Market fundamentals appear totally transformed today. After pumping at the maximum capacity for more than two years now, realisation seems to be dawning upon Opec, and it was evident in Vienna too that it cannot continue the same way for ever.
And thus as the Opec oil ministers sat down to discuss their next move on the global energy chess board, the rapidly softening market was very much up on the agenda. Media all around remained receptive to any emerging signal from Vienna about the new Opec price floor for triggering an output quota cut move. The only hint in this direction though came from Iranian Oil Minister Kazem Vaziri-Hamaneh who emphasised that a price below $60 a barrel could not be termed as favourable. This was also echoed by his Venezuelan counterpart Rafael Ramirez. Until now, based on ‘isolated comments from some (Opec) members,’ the cartel’s floor was assumed to be around $50 a barrel.
Oil market prices in the meantime, had slumped to five month low in the week preceding the Vienna moot, having gone down by more than six percent in two weeks. The end of the US driving season and a perception of easing geo-political and weather risks apparently prompted the markets to reassess fundamentals. In the backdrop of the weakening markets, there were talks of the need for the producers to rein in output, so as to handle this rapid transformation.
But Saudi Arabia is still looking at the markets rather optimistically.

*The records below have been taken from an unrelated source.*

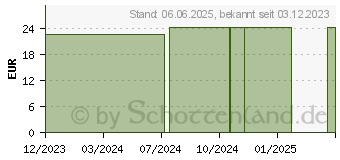 Preistrend fr HARTGELATINEKAPSELN Gr.0 rot/wei mit TiO2 (18770201)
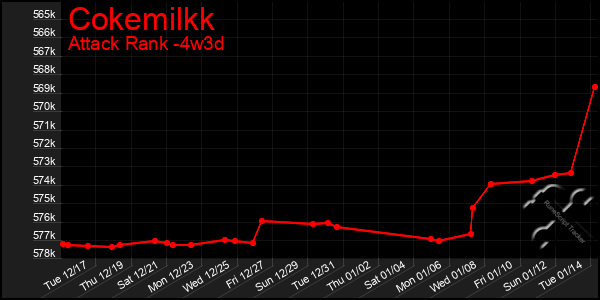 Last 31 Days Graph of Cokemilkk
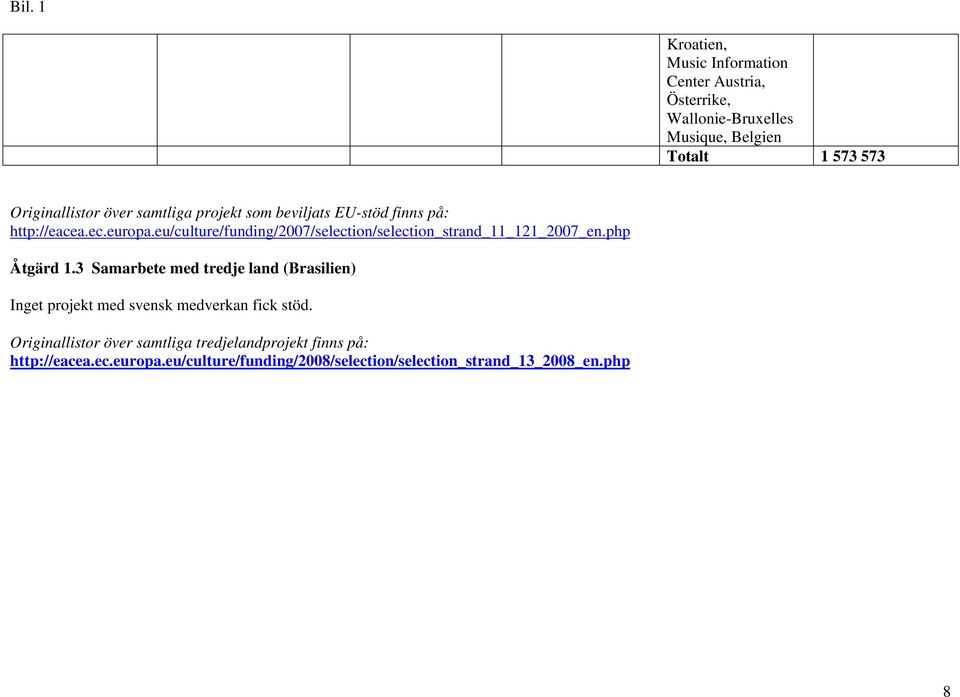 eu/culture/funding/2007/selection/selection_strand_11_121_2007_en.php Åtgärd 1.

Oil minister Ali Al-Naimi has been stressing there was no need for alarms, terming the weakening oil prices only as minor flip and market correction at least for the time being.
And thus despite agreeing to maintain the current output level of 28 million bpd, the cartel vowed to vigilantly monitor the market. It had to, in order to defend its territory.The decision was made despite Opec identifying ‘many downside risks’. These included the possibility of significant surplus oil supply, the rising inventory levels, the risk of a global economic slowdown and the cooling of the geopolitical tensions in the oil producing region.

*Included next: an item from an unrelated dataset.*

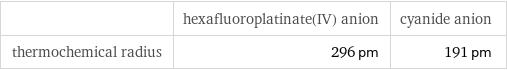  | hexafluoroplatinate(IV) anion | cyanide anion thermochemical radius | 296 pm | 191 pm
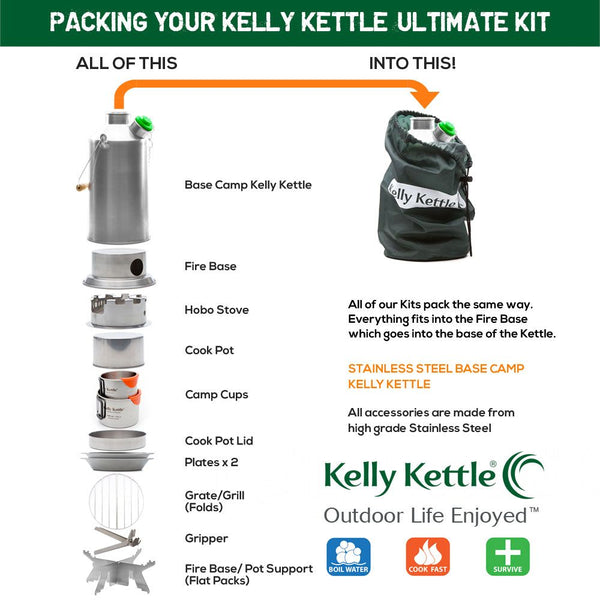 Base Camp' Kettle - SST Camping Kettle & Stove, Camp Equipment, Camp  Cookware, Survival kit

Opec appeared ready to act, if required to. “If we feel the market needs to cut (output) to stabilise, we will do (so),” Qatari Energy Minister Abdullah Bin Hamad al-Attiyah said in Vienna. The next scheduled ministerial moot in December could be crucial in this sense. However, analysts are suggesting that Opec might call a meeting before December, if prices fall much lower.
The Opec decision was not completely out of blue. After all Opec wanted to appear as a responsible and reliable partner to the energy hungry world. It has proven so many a times in past too. And even during the recent bull-run and despite all the discussions and perceptions about an impending crude shortage, the markets remained well oiled -– courtesy Opec in general and Saudi Arabia in particular. And Opec had all the reasons not to destroy this neatly carved image.
Saudi Arabia is definitely pursuing for a stable market. With several weeks left yet for peak hurricane season, ensuring the market is well supplied appeared a priority for Riyadh and its partners in Opec. Iran, otherwise a hawk within the Opec also apparently supported the Saudi stand and did not press for any change in group's output policy. And thus despite murmurs, there were no aggressive calls for cutting production at the meeting.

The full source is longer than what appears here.